Assessing Risk in Cybersecurity: How Sound Data Science Can Raise the Bar

Cybersecurity is a data-driven practice. Protective and responsive decisions are made on the basis of observations of user and system behavior. Artificial intelligence (AI) is used to learn good from bad and thresholds are set to trigger alerts or responses. However, cybersecurity is not currently a data science-driven practice, and the frustratingly slow progress in the development of cybersecurity technology reflects this deficiency.

Current cybersecurity solutions are fraught with challenges born from a lack of understanding of basic statistics. Operators are bombarded with too many false positives. Automated systems cannot attain a trustworthy level of accuracy. False positives must undergo further human or machine analysis (or, more likely, all alerts are ignored because there are just too many). Users of automated systems have to adopt a human-in-the-loop policy.

Enterprise users are forced to develop heuristic practices to overcome these shortfalls. These ad hoc strategies make real-time response impossible, so damage is done.

However, all is not lost. If greater data science savvy is brought to bear at the system design stage, rather than not at all or after the fact, these challenges can be overcome. The data scientist can apply expertise to assure data techniques are robust and pragmatic from the start, rather than to clean up spurious results. They can provide appropriate thresholds and other parameters. In short, they can make cyber analysis more scientific and presumably more effective.
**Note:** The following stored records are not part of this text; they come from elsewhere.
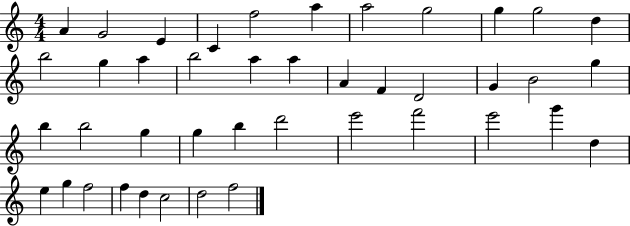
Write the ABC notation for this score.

X:1
T:Untitled
M:4/4
L:1/4
K:C
A G2 E C f2 a a2 g2 g g2 d b2 g a b2 a a A F D2 G B2 g b b2 g g b d'2 e'2 f'2 e'2 g' d e g f2 f d c2 d2 f2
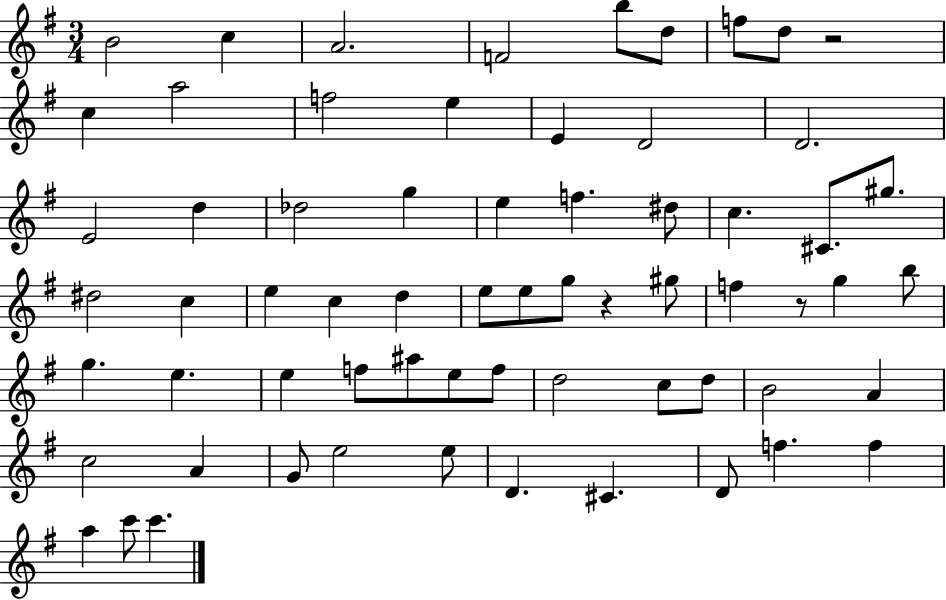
{
  \clef treble
  \numericTimeSignature
  \time 3/4
  \key g \major
  b'2 c''4 | a'2. | f'2 b''8 d''8 | f''8 d''8 r2 | \break c''4 a''2 | f''2 e''4 | e'4 d'2 | d'2. | \break e'2 d''4 | des''2 g''4 | e''4 f''4. dis''8 | c''4. cis'8. gis''8. | \break dis''2 c''4 | e''4 c''4 d''4 | e''8 e''8 g''8 r4 gis''8 | f''4 r8 g''4 b''8 | \break g''4. e''4. | e''4 f''8 ais''8 e''8 f''8 | d''2 c''8 d''8 | b'2 a'4 | \break c''2 a'4 | g'8 e''2 e''8 | d'4. cis'4. | d'8 f''4. f''4 | \break a''4 c'''8 c'''4. | \bar "|."
}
Cybersecurity practitioners also often lack an understanding of the difference between risk and threat. Steeped in the cowboy crime-stopper mindset, they remain focused on eliminating all threats—but not all threats lead to risks that require action. Here again, a more scientific understanding of the situation can lead to more effective results-based, rather than threat-based, solutions.

The third way in which a data scientific approach can approve cyber analytics is by assuring the notion of adversarial behavior is properly introduced into analytic models. Most classification and learning models consider behavior as motiveless and treat data as random. However, cyber is an adversarial domain and the interactions among datum are influenced by the motives of the attacker and, to a lesser extent, of the defender. The predictive power of models can be greatly improved if the adversarial nature of the domain is correctly reflected in the model.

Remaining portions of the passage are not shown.